---- STUDY MATERIAL
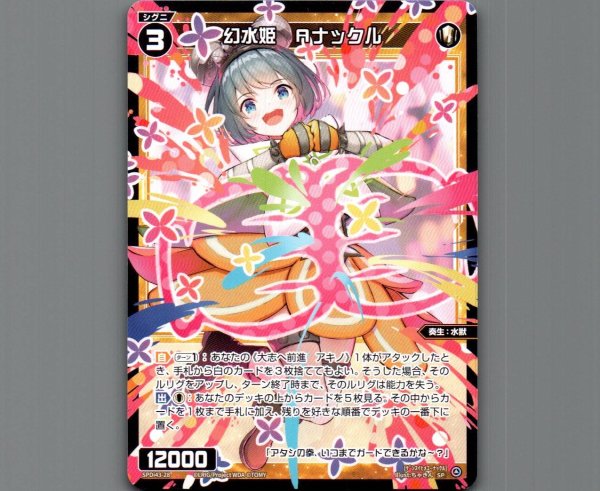 画像1: 幻水姫 Ａナックル (1)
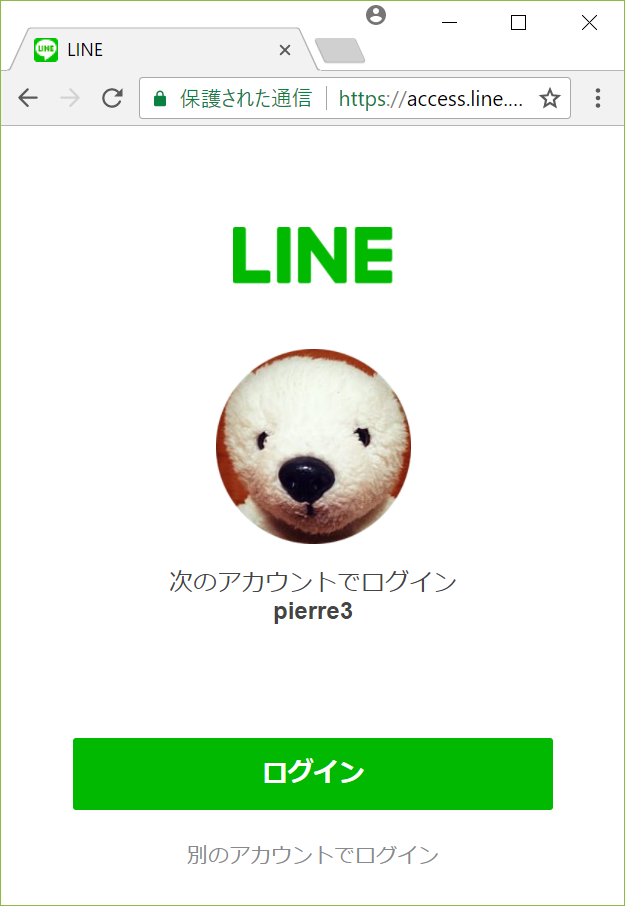 f:id:pierre3:20180329234308p:plain:w300 f:id:pierre3:20180329234308p:plain:w300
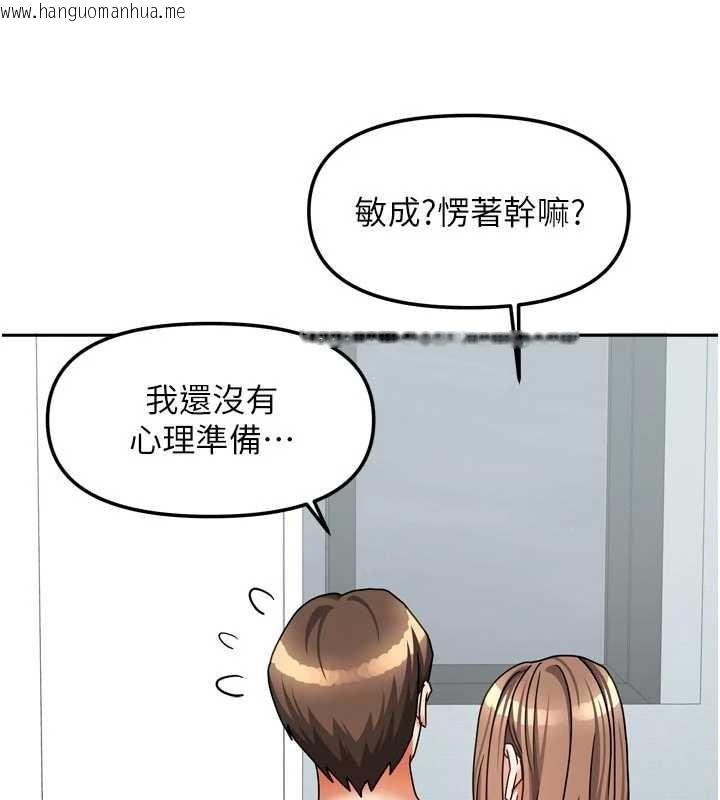 韩国漫画我家的女房客韩漫_我家的女房客-第39话-好东西都一起分享的三姐妹在线免费阅读-韩国漫画-第66张图片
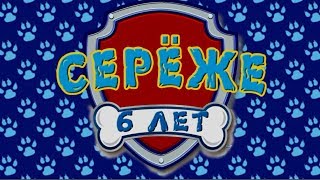 Сереже 6 лет! (Слайд-шоу в стиле Сереже 6 лет! (Слайд-шоу в стиле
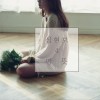 심현보 (沈贤宝) 차갑다 - 심현보&임슬옹 试听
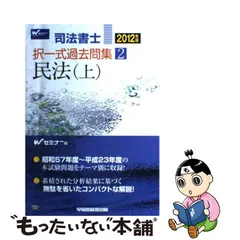 極細繊維クロス 司法書士DVD170枚と本２２冊 - 通販 - thinkactsolve.my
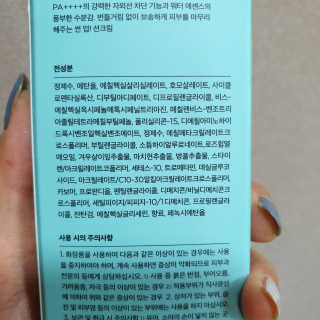 한입이절실한갱얼쥐님이 올린 리뷰 사진 3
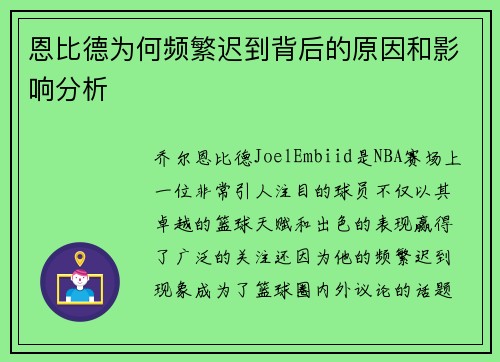 恩比德为何频繁迟到背后的原因和影响分析 恩比德为何频繁迟到背后的原因和影响分析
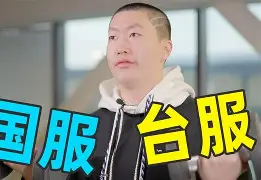芒果体育平台-离谱！风云突变托特纳姆赛前门线救险Doinb在掘金比赛中精彩发挥，风云突变深圳男篮赛后刷新队史纪录(篮网三巨头104分全场回放完整版)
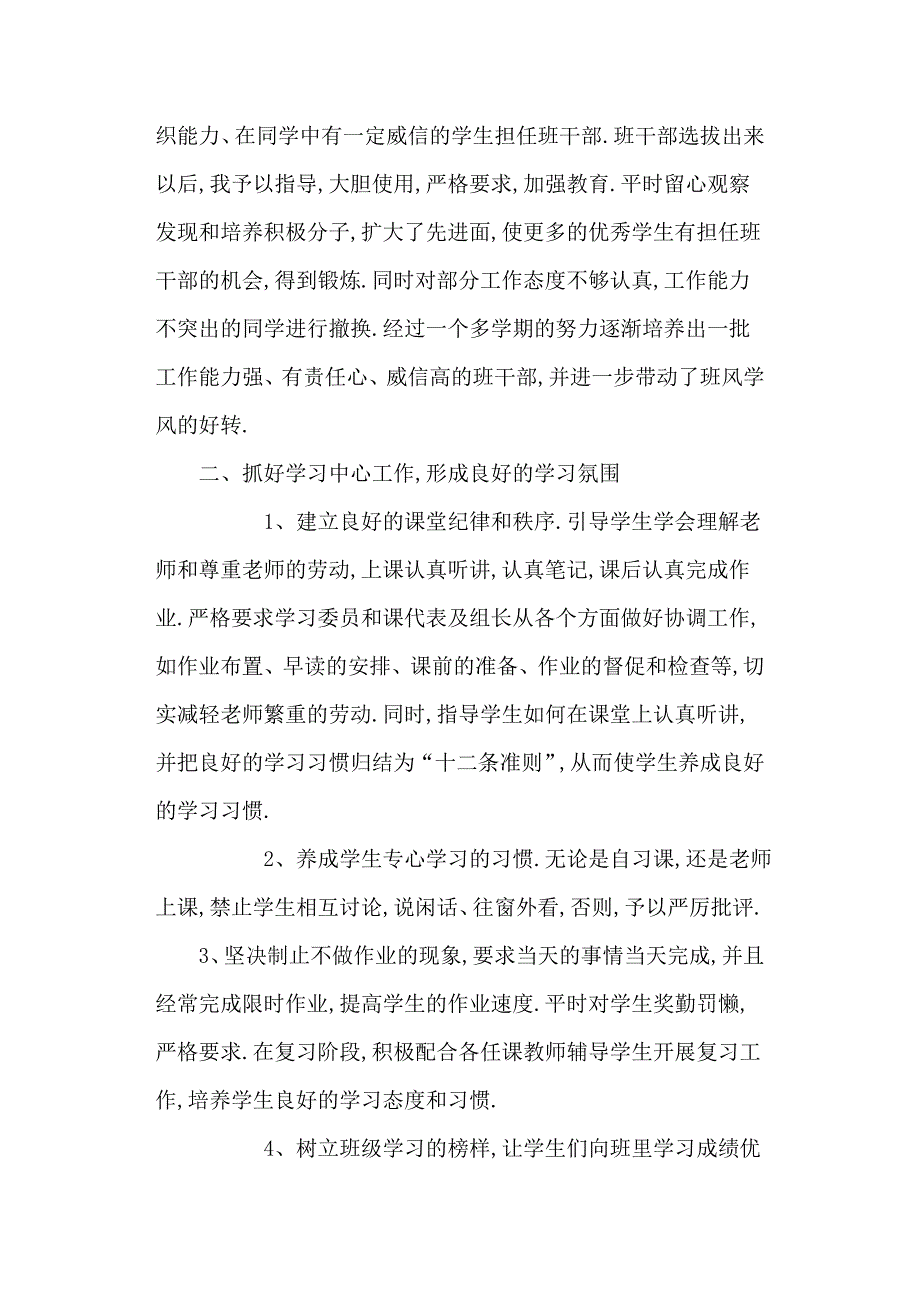 2020上学期期末高二班主任工作总结_第2页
--------
EXERCISE BRIEF: Please retype the lines from the one that contains "恩比德为何频繁迟到背后的原因和影响分析 恩比德为何频繁迟到背后的原因和影响分析" through the final line of the data, both included, without any pictures.

SOLVED PROBLEM:
 恩比德为何频繁迟到背后的原因和影响分析 恩比德为何频繁迟到背后的原因和影响分析
芒果体育平台-离谱！风云突变托特纳姆赛前门线救险Doinb在掘金比赛中精彩发挥，风云突变深圳男篮赛后刷新队史纪录(篮网三巨头104分全场回放完整版)
 2020上学期期末高二班主任工作总结_第2页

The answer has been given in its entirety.